Kalau dikatakan alam marah, itu sebenarnya sudah diduga banyak orang dan kalau itu dikatakan dosa manusia, itu adalah dosa yang sistematis dan entah kapan manusia mau membuat perubahan. Menurut Rev DR MH Siburian, Tuhan memberikan hukum kepada setiap ciptaan-Nya dan itulah yang sering kita sebut hukum alam. Dan hukum alam ini adalah mekanisme atau semacam metabolisme alam yang mengatur kelanjutan kehidupan ini.

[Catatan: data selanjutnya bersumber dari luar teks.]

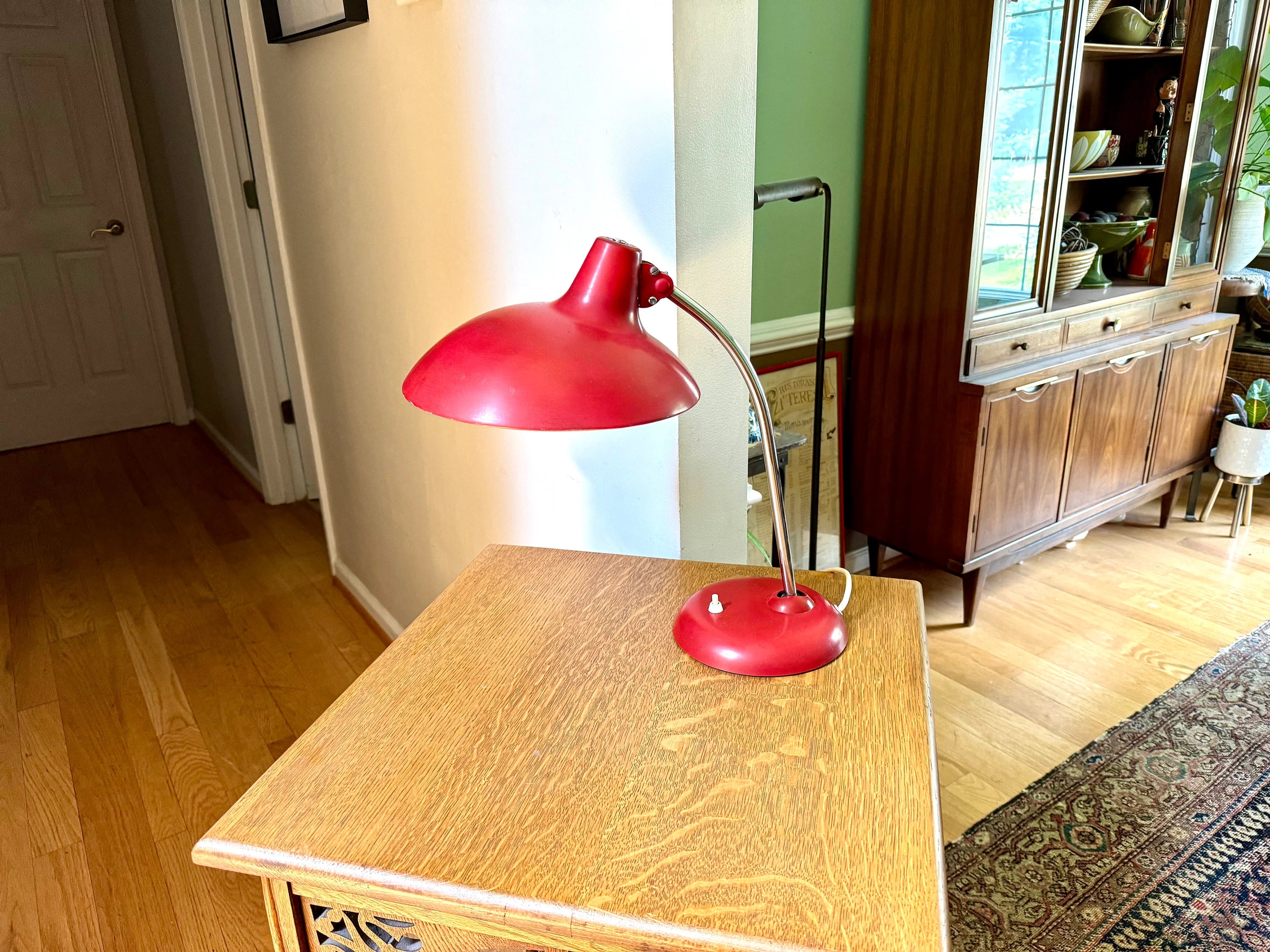 MCM Christian Dell No. 6786 Desk Lamp | Red Kaiser Idell Lamp | All Original Christian Dell German Desk Lamp | Board Lamp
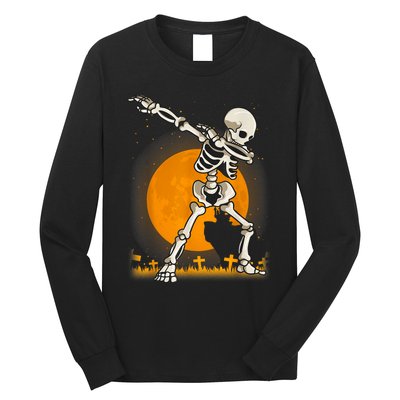 Halloweens For Boy Girl Dabbing Skeleton Costume Long Sleeve Shirt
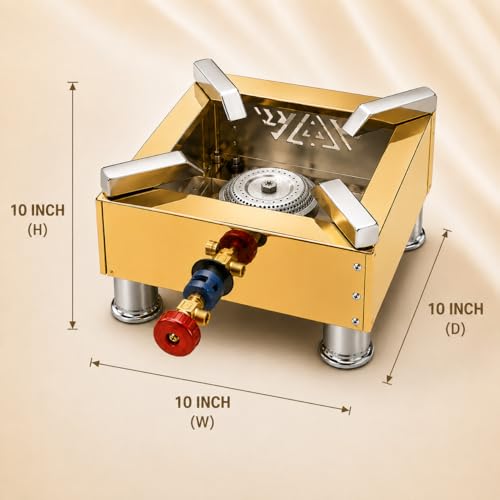 Image of Square Catering Burner 10x10 Inch LPG Gas Stove Commercial Stove Heavy Duty Gold Stainless Steel Portable Cooking Burner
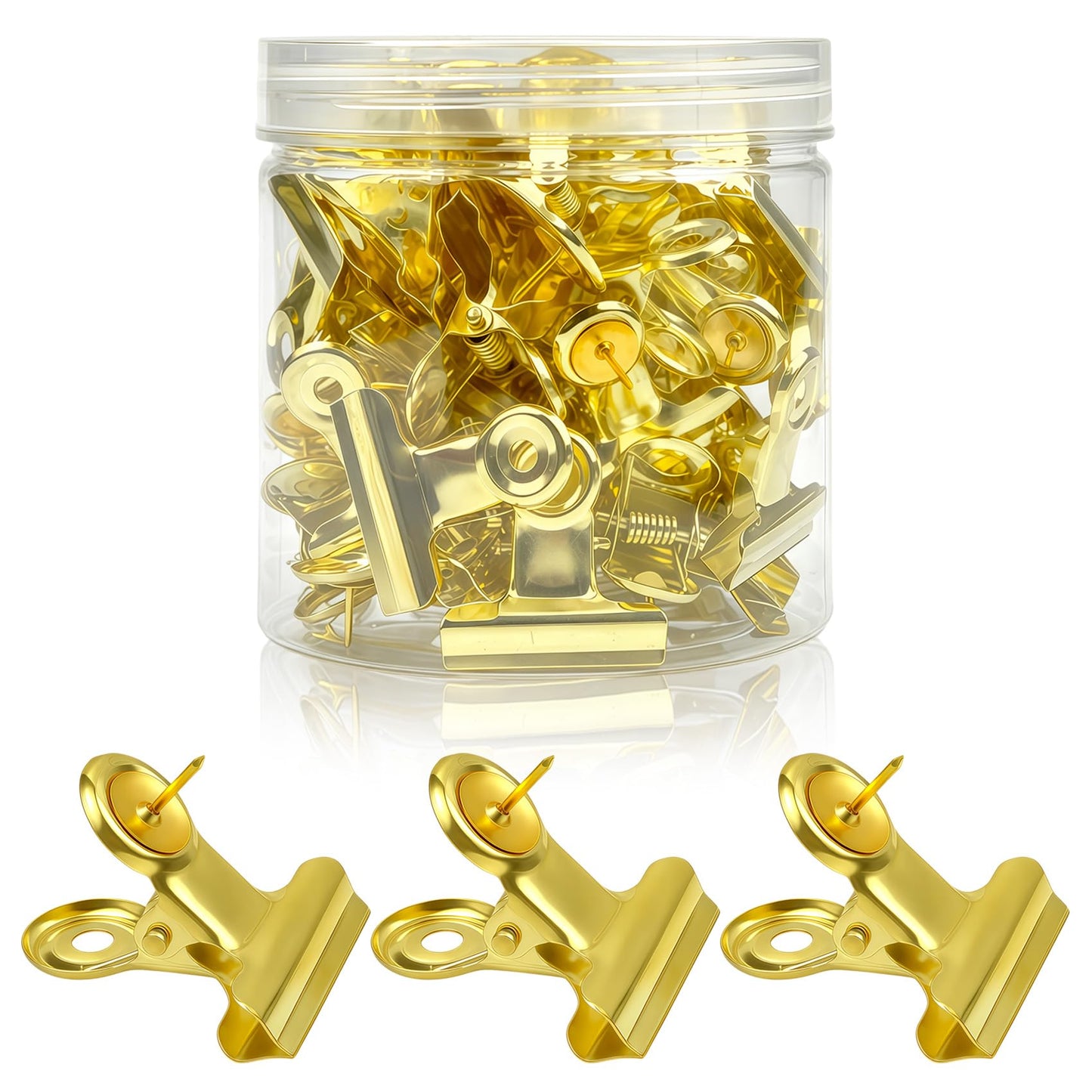 VYNFLICK Gold Push Pin Clips - 40 Pack Thumb Tacks with Metal Clips for Cork Board Bulletin Board, No Hole Paper Clips for Photos Notes Documents, Decorative Office School Supplies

Ketika manusia ditempatkan Allah di dalam planet bumi, maka Allah bermaksud untuk menggunakan manusia sebagai pengatur keseimbangan penyelenggaraan hukum alam. Jagalah, di planet bumi ini ke planet manapun atau galaxi apapun manusia mungkin berada, dia tetap harus patuh kepada operasional hukum alam itu sendiri.

Ada beberapa hukum alam yang memang bisa dimanipulasi secara positif oleh manusia, tetapi itu harus dipastikan tidak akan merusak pelanggaran hukum alam itu sendiri. Artinya, bahwa manusia itu mempunyai tanggung jawab, bukan saja intelektual tapi juga moral terhadap alam itu. Planet ini pada hakikatnya telah mengalami konsekuensi logis dari penyelenggaraan hukum alam yang terjadi, sehingga kerusakan alam menjadi akibat dari kerusakan sebelumnya dan juga pelanggaran hukum alam oleh penghun planet ini, sehingga terjadi siklus kerusakan alam yang berakibat fatal bagi penghuninya.

Oleh ketamakan manusia sepertinya dengan sengaja merusak dan melanggar hukum alam itu demi kepentingan ekonomi atau kemakmuran diakibatkan hampir semua negara di dunia sejak 2000 tahun yang lalu sepertinya menganut azas “farewell state” atau negara kemakmuran, sehingga semua kepentingan kemakmuran menjadi integral dengan semua tindakan sosiologis, politik bahkan spritualnya. Dapat dibayangkan bahwa alam ini digerogoti oleh paham ideologi dari filsafat kita dalam menjalankan kehidupan, tegas Rev DR MH Siburian.